If St. Thomas expresses surprise, the other apostles' faces register something else. Wonder shapes the faces of the other two apostles. But it is wonder whose striking reference is a marvelous woundedness. Indeed, Jesus' wound is placed near the center of the composition and the heads of the apostles, St. Thomas and Jesus hover over the wound in the shape of the cross, the apostle's faces expressing a marvelous wonder. But, what, is the source of that wonder? Is the wound itself? Let me suggest that we once again follow the living logic of the light as Caravaggio presents it.
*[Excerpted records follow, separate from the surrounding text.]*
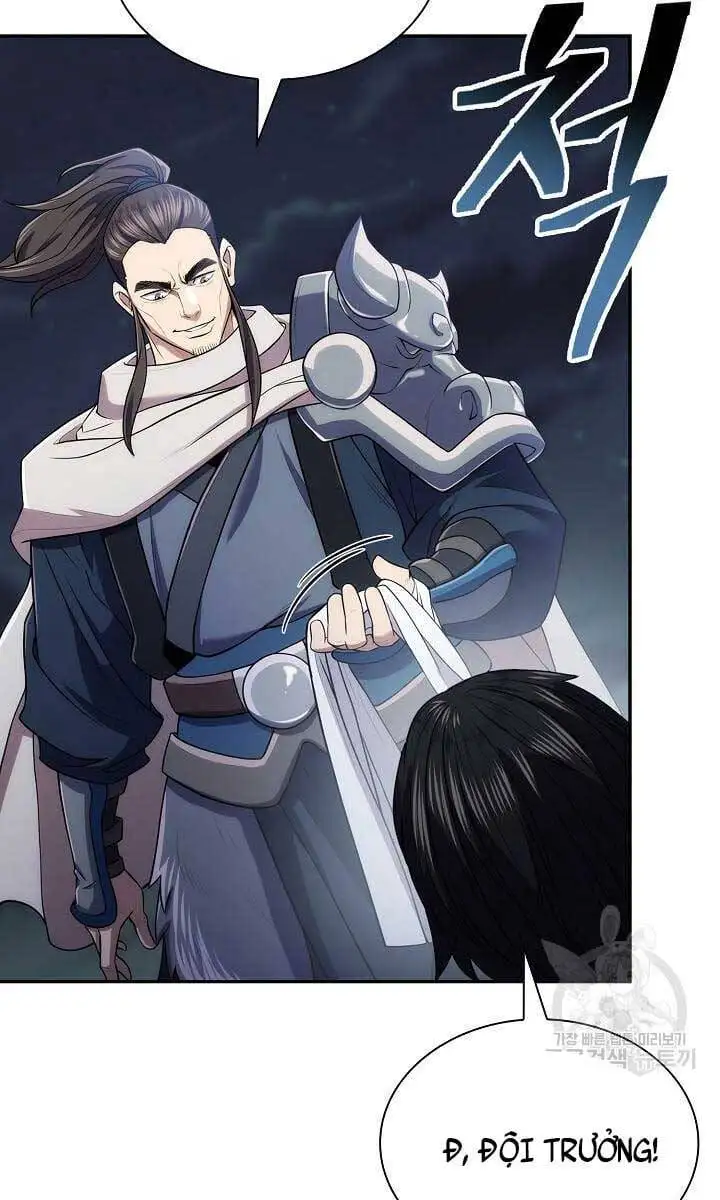 Truyện Tranh Kiếm Ma Đạo trang 4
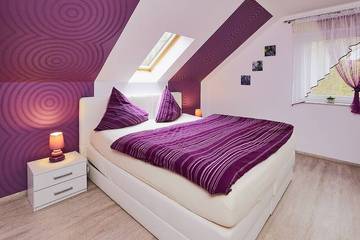 Ferienwohnung für 6 Personen in Sangerhausen, Ostharz, Bild 2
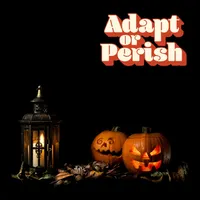Adapt or Perish artwork
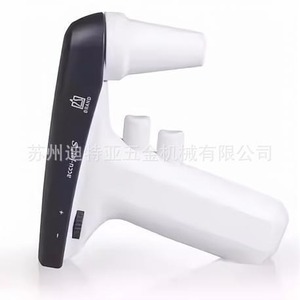 Pipette électrique Accu-jet Pro 26350 réglable pour usage en laboratoire, en plastique blanc - Product Image 5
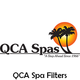 QCA Spa Filters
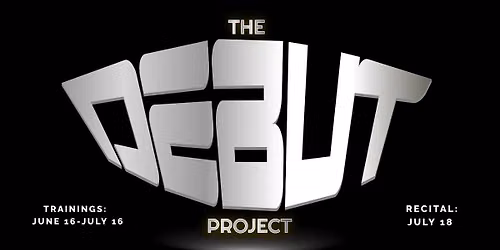 The DEBUT Project: KPOP Dance Camp | Angeles City, Pampanga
The source of light is the source of wonder. That source is Jesus' body. Caravaggio through the means of light alerts us that the risen Jesus' body is no ordinary body. It is what the theological tradition calls the "glorious" body. A "glorious" body is different from a mortal body in that it is a newly innocent body. It is a body that has come through an awesome guilt into a marvelous, wondrous innocence. And Thomas, in Caravaggio's painting, is invited into that innocence as well. This is the meaning, I think, of Jesus' sure and guiding hand on Thomas' physical and seeking finger. Jesus takes Thomas into the woundedness of Thomas' own guilt of unbelief in order to transform it, as the light shows, into a profound insight. Thomas in touching Jesus' wound becomes innocent again and is given a taste of the possibilities of a full humanity.
Caravaggio's Incredulity serves to illustrate my thesis. Our age shall find again its sense of Beauty when it begins to see again a marvelous innocence in the woundedness of our humanity. Art shall find its religious power once again when it addresses and comes forth from such a dynamic innocence. Caravaggio's Incredulity, however, also suggests that the sense of Beauty is something that will always be a spiritual struggle in every generation. The sense of Beauty will always be one with the talk of God. As such, it possesses what theologians call an eschatological dimension. We may never, in our lifetime, ever experience the fullness of the sense of Beauty, but there will come a day when that fullness shall be ours. When it comes, it will dazzle us and grant us ecstatic vision. Until that day, however, the arts can serve to give us a foretaste of that day for the power of truly religious art is to enkindle and renew in us again the core and source of our human dignity: the human capacity to achieve and bear a wounded innocence.